Saturday, April 2, 2011

The Curious Case...

It is finally April. Am I the only one who thought March seemed to go on a very long time? And whatever happened to coming in like a lion and going out like a lamb? A 42 degree lamb, apparently. Oh well, if I can't find something better to write about than the weather, I should hang it up...

Last night, MJL and Reid and I watched The Curious Case of Benjamin Button. One of MJL's favorites, and Reid had seen it once and loved it, but I had not seen it. I'm thinking my impression begets a blog on The Curious Case of Sylace's reaction to Benjamin Button. I was very moved by the subtlety of the cinematography and the art direction. You know I can't watch a movie without analyzing the costuming, and I thought the design aesthetic was striking in its functional simplicity. Restraint was key, and yet historical accuracy was precise. In other words, there was nothing jarring that took me from the emotional and psychological elements of the character development. So why would I call this a curious reaction?

I had heard all good things about the movie from those I knew who saw it. I meant to go see it in the theater, but it just slipped by me. Reid told me I simply had to see it, but to be sure and take kleenex with me; it had even made him tear up.  Some other girlfriends told me it had them bawling at the end. Now, I had read some reviews that said it was too long and drawn out, and I had heard reports from male friends that they didn't enjoy it and just didn't get it...but those were mostly from sources I view as the general antithesis of my moviegoing opinion, so in effect, those were positive reviews as well!  (lol, Sylace logic)

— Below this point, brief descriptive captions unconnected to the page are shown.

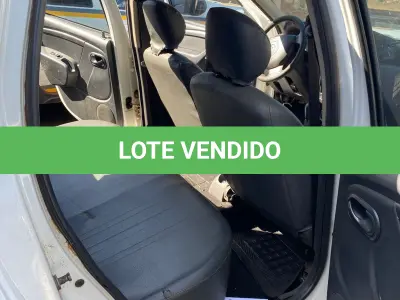 LOTE 008 - RENAULT/DUSTER 16 E 4X2, placa	IUW-6522 , ano/modelo:	13/14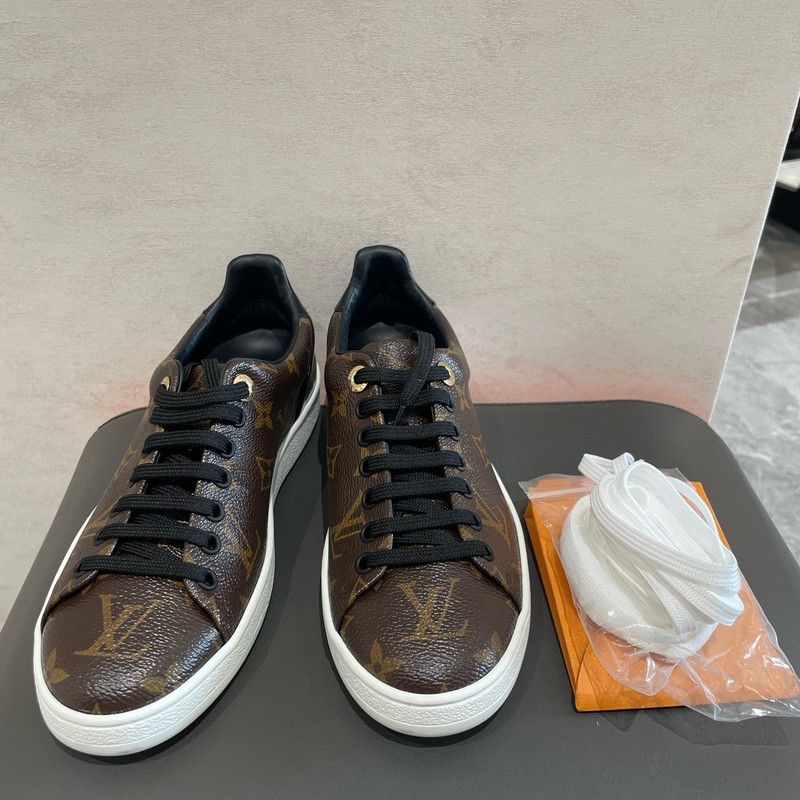 Louis Vuitton Louis Vuitton Frontrow Monogram Low-Top Sneakers 0079 Size US 8 / IT 38 - 1 Thumbnail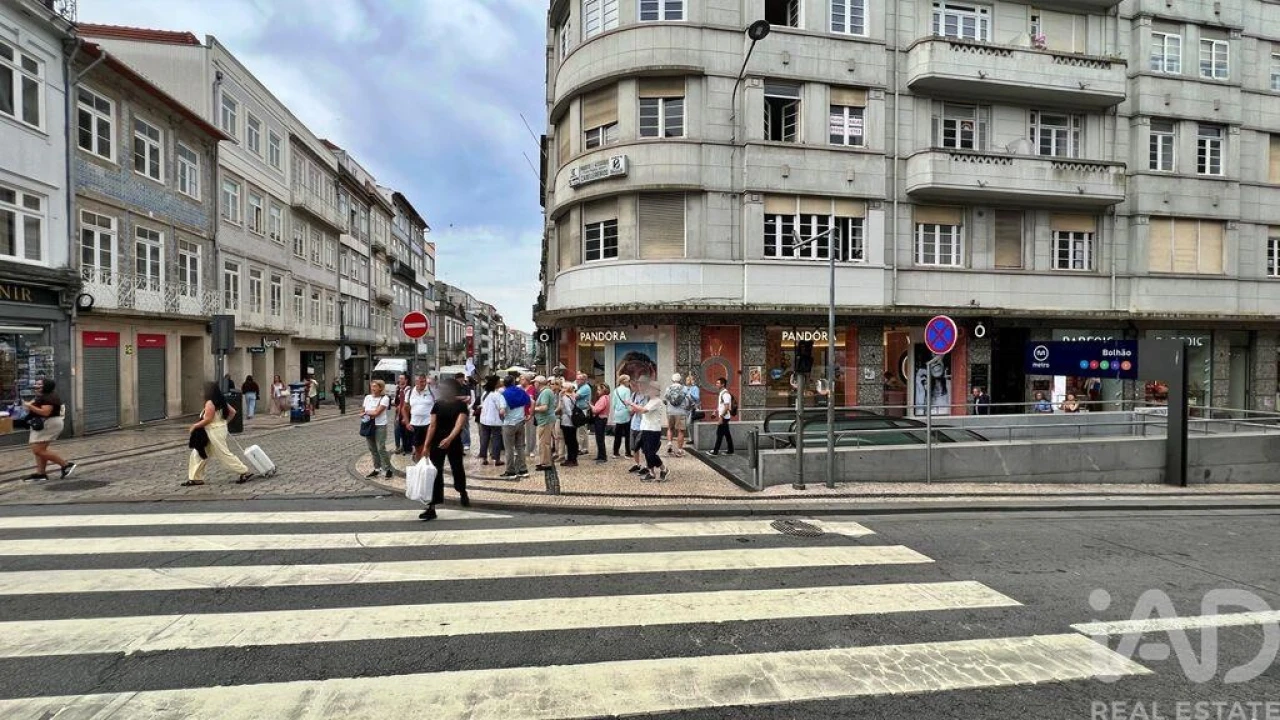 Apartamento T3 para Venda em Cedofeita, Santo Ildefonso, Sé, Miragaia, São Nicolau e Vitória Foto 31
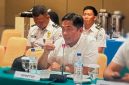 Kepala DPMPTSP Provinsi NTB H. Irnadi Kusuma, S.STP., M.E., memaparkan Daftar Inventaris Masalah (DIM) terkait dugaan Investasi Fiktif, Penguasaan Lahan, dan Penyalahgunaan Izin tinggal WNA di Gili Air dalam Rapat TIM PORA Wilayah NTB di Hotel Lombok Raya, Mataram.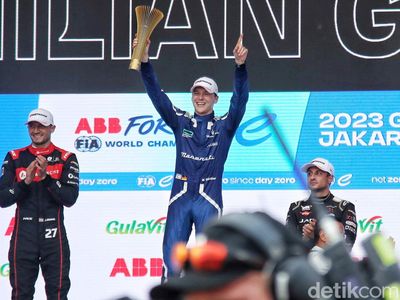 Selebrasi Gunther Usai Menjuarai Formula E Jakarta 2023 Seri 11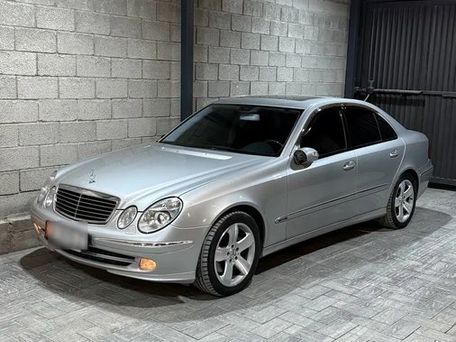 Mercedes-Benz E-Класс, 2004 — 照片 1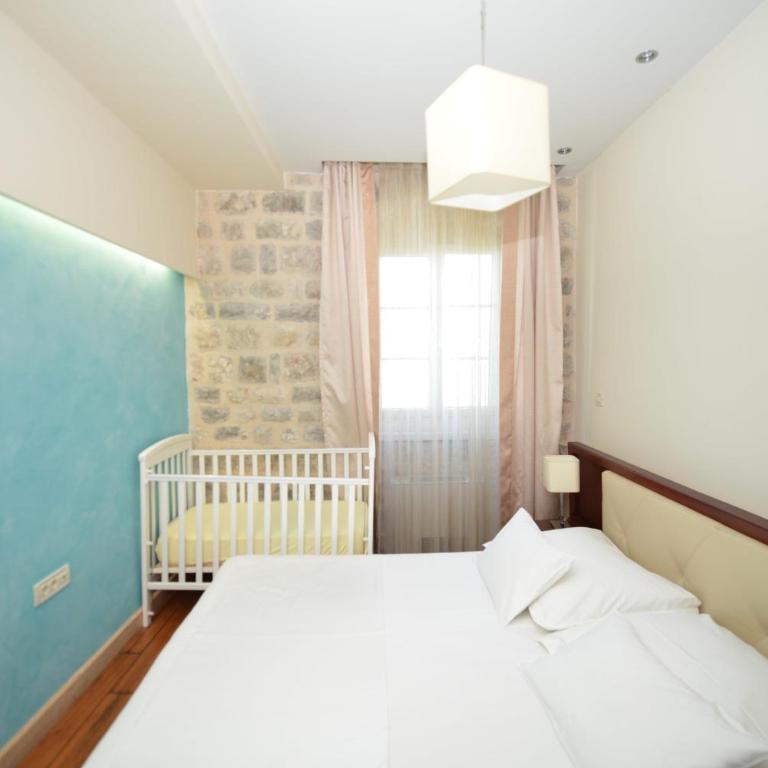 Vila Nikčević - Deluxe One-Bedroom Apartment - 2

I didn't cry. I didn't tear up. I did not perceive any sadness in the situation between Daisy and Benjamin. Watching her hold him, a small baby, as he died- and in full and final recognition of Daisy- I was possessed of an inspiring sense of rightness, of the obviousness of the truths of human experience. I said to MJL that I have thought before, often, of how I wished I could experience those I love as babies- to hold them for just a minute. In the calm of the infinite vulnerability of an infant, and the way they look at you with complete and utter trust- and I look back at them with unconditional love and protection. I had this experience twice with my boys. I know I will have it again some day with grandchildren. It is a future goal of mine to be a fabulous grandma. It is only fair...because I only got one, but she was worth her weight in gold. And my mother was so good for my boys as a grandma.

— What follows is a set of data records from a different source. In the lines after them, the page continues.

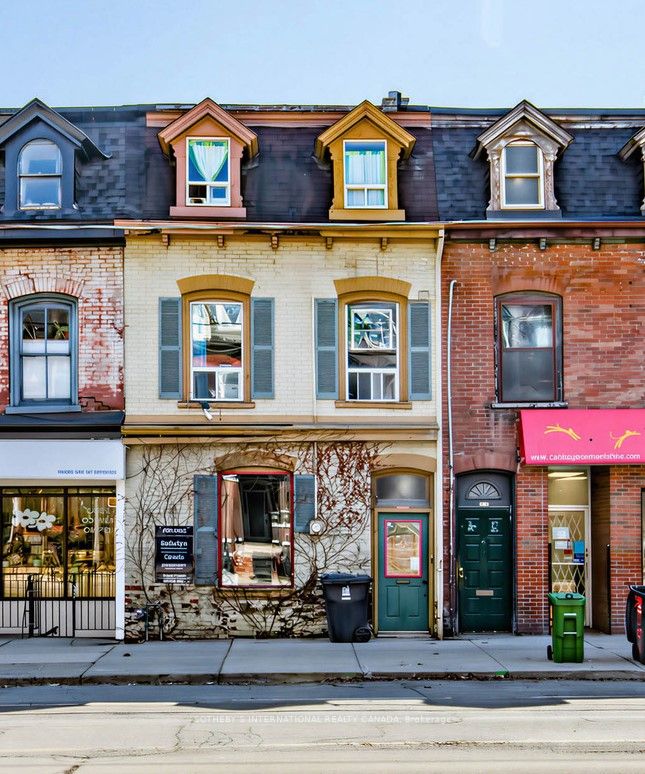 243 Gerrard Street E, Toronto C08, ON M5A 2G1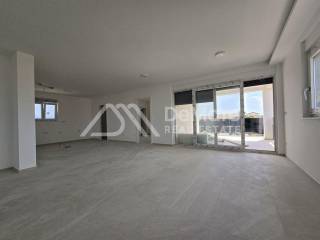 Apartman na moru, Prodaja, Privlaka, Privlaka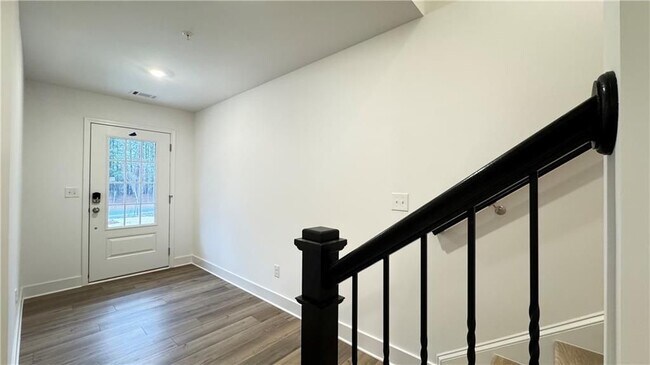 Foto del edificio - 811 Atkins Ln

If you had asked me a year ago if I ever had a thought for being a grandparent, I would have said jokingly...only the fears of a mom of two teenage boys. But no, the thought would have been a distant future consideration. I have a lot to do on my path yet, but I know with all possible confidence that I am on the right one, because Benjamin Button evoked in me a sense of generativity.

We learned in Human Growth and Development that Erikson's Psychosocial Crisis of Middle Adulthood is one of Generativity vs. Stagnation.  Generativity is evidenced by growing in concern for future generations, what one is achieving and providing for them. Stagnation is increasing frustration with a lack of  one's own productivity that actually results from egocentricism and unwillingness to help society move forward. Successful resolution of this psychosocial crisis results in the adaptive ego quality of Caring. If this is mumbo jumbo to you, don't worry. I would have known what it meant before this class, but I still might have rolled a jaundiced eye heavenward at the concept of the psychosocial crisis. But now I am a convert. There are some valid additions to be made to Erikson's theories, but I think they are frickin' genius. How's that for sociological commentary?

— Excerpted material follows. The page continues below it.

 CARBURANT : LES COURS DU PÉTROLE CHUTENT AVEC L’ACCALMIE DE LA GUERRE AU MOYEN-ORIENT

I really loved the movie... I can't put it in my top 25 or anything, largely because I adore Forrest Gump. I should do another post on my expose of Winston Groom as the perpetrator of a thinly disguised "homage" (I'm being nice!) to this brilliant short story by F. Scott Fitzgerald. I read both the book of Forrest Gump, and the sequel... and I have to tell you that the first book was marvelous, and the second was just awful. I couldn't figure it out!! Why was the sequel so poor? Now I know!! Because Fitzgerald didn't write a sequel to Benjamin Button. However, the merits of Tom Hanks, Gary Sinise, Sally Field and Robin Wright propel Forrest Gump into my top 25 in spite of my new knowledge. Maybe I am being unfair... there is a concept that says that an idea will emerge when it is time, and if one person doesn't bring it forth, another will. It explains why so often an invention  or critical step forward is reached by more than one person, independent of each other, at the same time...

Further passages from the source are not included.